What is it that people like so much about motorcycles? The thrill/excitement/freedom of riding them, the 'biker image' portrayed in movies, or great songs such as Little Honda by the Hondells? I'm not a biker per say, but I do have a couple of motorcycles, and am a known associate of some bikers. Therefore when I saw a graph of some biker data, it caught my attention and I had to try my hand at improving it.
But first, here's a picture of one of my biker buddies here at SAS, Mark - he's got several bikes, and especially likes to ride on race tracks. The graphs below have a '>=50' age category, and you probably would have never guessed that Mark has been in that category for many years! :)
And now, let's proceed with the data analysis!
I recently saw a very interesting graph on dadaviz.com showing motorcycle deaths by age category. The feature about the graph that jumps out at you is that the percent of deaths for the <=29 age group seems to have gone down significantly since 1975. So, of course, I found the data, and created my own version of the graph using SAS:
The data also had the total number of deaths per age category, so I plotted that too. And from this plot, it looks like the number of deaths has generally been on the increase since year 2000.
But both of the above plots have a serious weakness - they don't take into consideration the number of riders (or bikes) in each age category. And that particular data (by age category) seems a bit harder to come by, so I decided to work with the data that is easily available, and see if I could shed some more light on these numbers.
First I added up the deaths from all age groups, and plotted the total deaths per year:
I then found a data source for the total number of motorcycles registered per year, and plotted that.

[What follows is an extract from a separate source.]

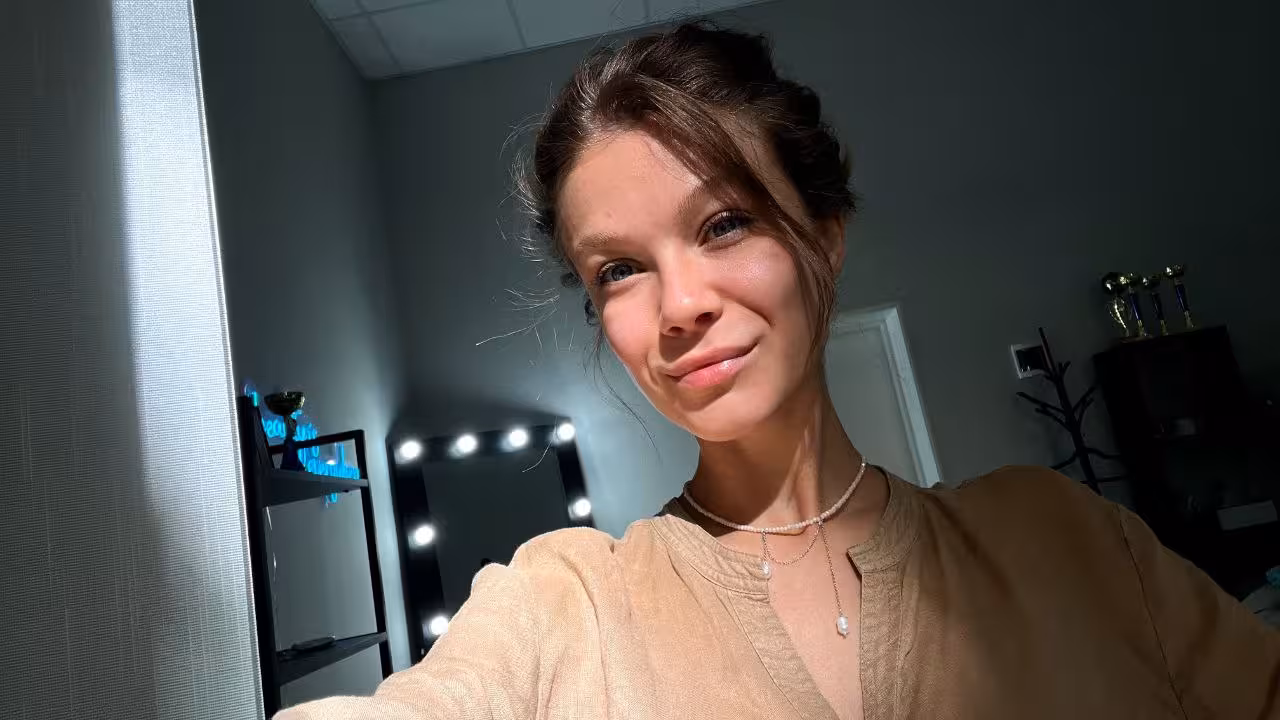 Olena conocer personas solteras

Notice that the number of motorcycles has been climbing since year 2000:
And finally, I used Proc Sql to combine the data from the previous two charts, and calculated the number of deaths per 100,000 registered motorcycles.
proc sql noprint; create table combined as select unique deaths_by_age.year, deaths_by_age.total as total_deaths, registration_data.total as total_registrations from deaths_by_age left join registration_data on deaths_by_age.year=registration_data.year; quit; run; data combined; set combined; deaths_per_100k_bikes = total_deaths / (total_registrations/100000); run;
And this number has been generally going down over time, which is good news, and is a better/more-true representation of what's actually happening, IMHO.
Hopefully you enjoyed this little demonstration of the power of combining data!